* _Goal of the exercise_
Scan the lines below; pull out those with "Image".

[[ Listed entries, beginning ]]

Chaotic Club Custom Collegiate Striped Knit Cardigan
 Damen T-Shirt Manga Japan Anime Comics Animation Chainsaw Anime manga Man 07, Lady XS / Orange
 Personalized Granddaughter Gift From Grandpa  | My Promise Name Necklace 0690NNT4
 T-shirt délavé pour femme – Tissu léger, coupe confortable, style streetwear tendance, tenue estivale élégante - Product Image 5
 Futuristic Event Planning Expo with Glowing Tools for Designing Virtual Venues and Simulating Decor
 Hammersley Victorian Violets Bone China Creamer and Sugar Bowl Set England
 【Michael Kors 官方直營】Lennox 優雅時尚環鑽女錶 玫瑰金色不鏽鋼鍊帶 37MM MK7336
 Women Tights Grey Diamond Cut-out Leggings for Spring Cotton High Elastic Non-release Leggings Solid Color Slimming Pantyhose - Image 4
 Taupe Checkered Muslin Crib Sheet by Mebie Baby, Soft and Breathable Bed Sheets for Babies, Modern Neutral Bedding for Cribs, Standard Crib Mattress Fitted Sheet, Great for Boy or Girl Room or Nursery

[[ Listed entries, end ]]

* _Output_
 T-shirt délavé pour femme – Tissu léger, coupe confortable, style streetwear tendance, tenue estivale élégante - Product Image 5
 Women Tights Grey Diamond Cut-out Leggings for Spring Cotton High Elastic Non-release Leggings Solid Color Slimming Pantyhose - Image 4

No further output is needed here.